Melinda & Melinda: two nuthin's is nuthin'!
I kid, I kid! This film was great! Woody Allen has been playing with storytelling for years, and this is simply his latest experiment. Poepl are all bent out of shape cause hes not as good as the Annie Hall days, but if oyu go back and watch that film, it's got the same meldramatic dialogue, the same self-effacing schtick, the same alternately wacky and stunning moments. He's the same writer and director! There's gonna be a certain shared soul between the work! It's just that we can't discover him for the first time with each new film, so his very particular style can't ever be surprise. When going into his films, people need to realize they are viewing a sort of sketchbook of his, in film. Not to say the projects are incomplete, just that Woody Allen makes a film a year, so if it's not the quintissential embodiment of that time and his art, what does he stress? I think he sees each new film as an opportunity to stretch in a new direction. I go into each film with that in mind: let's see what Woody's cooked up this time 'round... So the characters all live rich, but unfulfilled lives in classy New York. So no one ever really communicates with one another, even if they all talk like Woody. So blubbering little toads end up getting all the women. What do ya want? It's Woody Allen!

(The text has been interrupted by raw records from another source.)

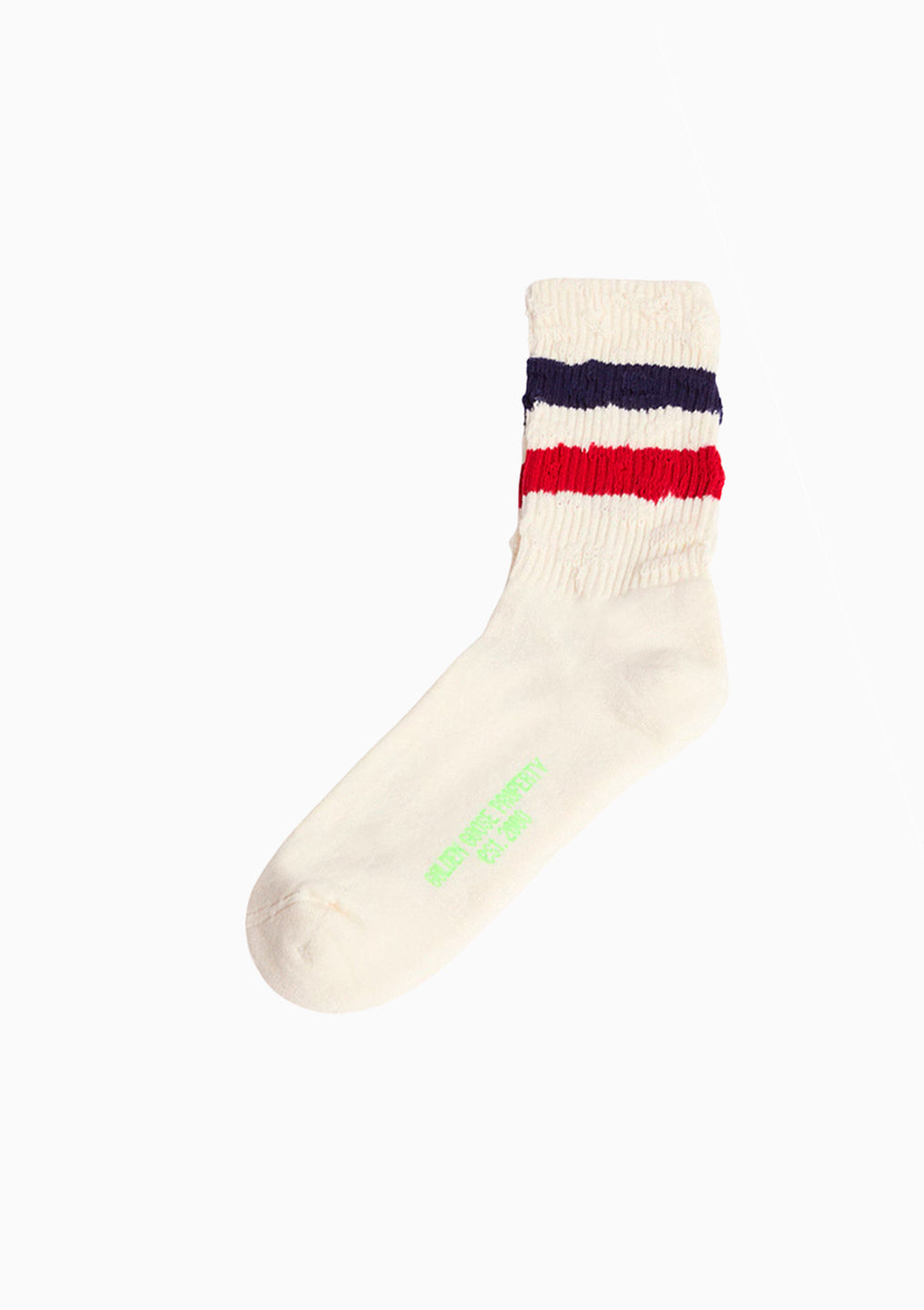 Distressed Details Stripe Socks, White | 2-Tone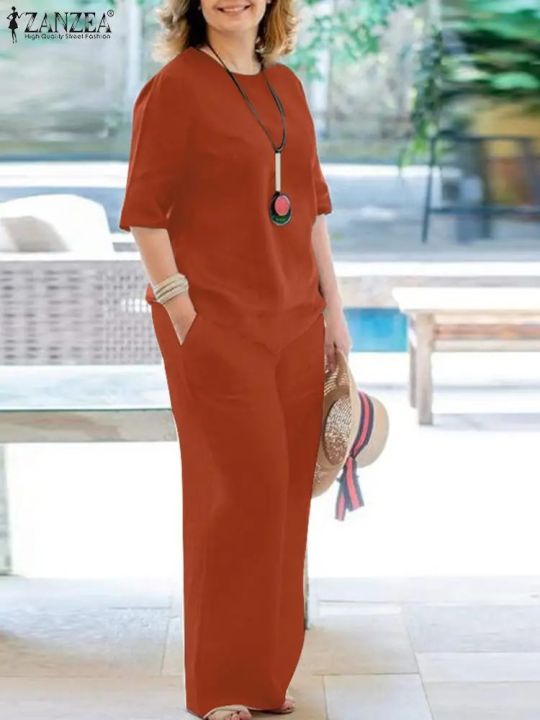 Women%20Outfits%20Fashion%20Matching%20Sets%20Summer%20Causal%20Blouse%20&%20Wide%20Leg%20Pants%20Solid%20Loose%20Tracksuits%20Oversize%20Pantsuits%20-%20Image%205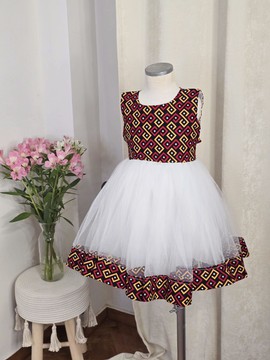 Malaika dress in African fabric for baby [12-18-24 months]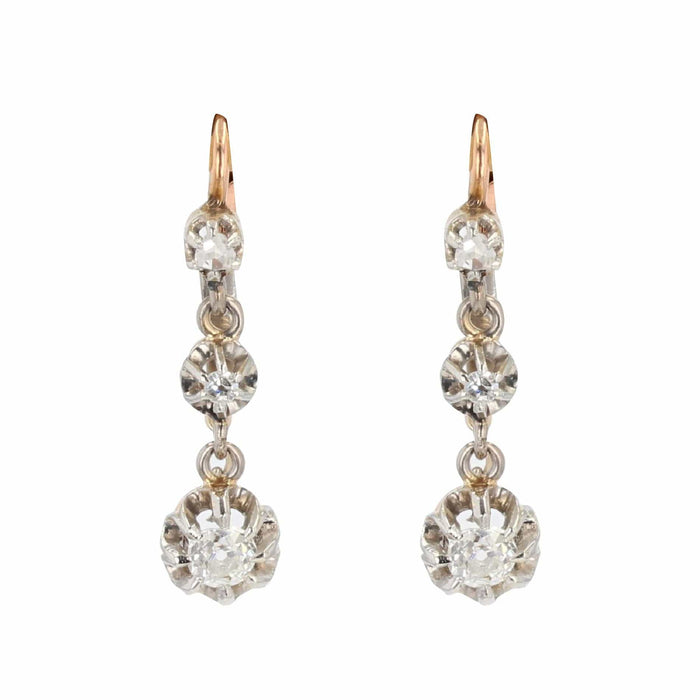 Boucles d'oreilles Boucles d'oreilles diamants pendantes anciennes 58 Facettes 21-258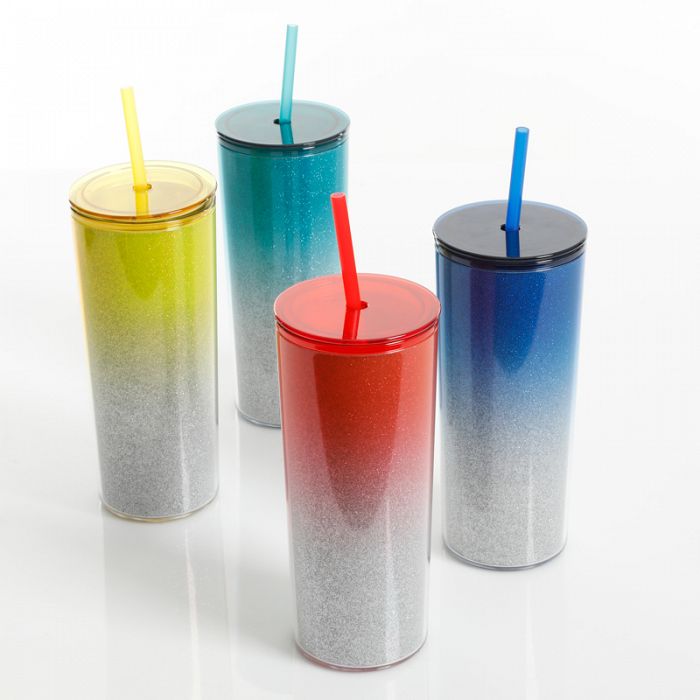 4Pc Set Rainbow Blast Chiller Tumbler w/ straw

To me, it's a joy to sit down and see those stark white opening credits over old-timey jazz. It's a joy to hear the Allen character (Will Farrel, in this case) sputter and trip his way through emotional entanglements. It's all par for the course, but in a new setting (intellectually, not literally) of an old landscape. And maybe I'm just a product of my generation (well who isn't...), but Will Farrel was hilarious! He puts a spin on the aformentioned blubbering little toad that compliments the material and the actor. Farrel's wide-eyed lightning-quick reactions that lead nowhere need heady thought-processes (as opposed to Kickng and Screaming... oy...) to make his huge gestures sensical!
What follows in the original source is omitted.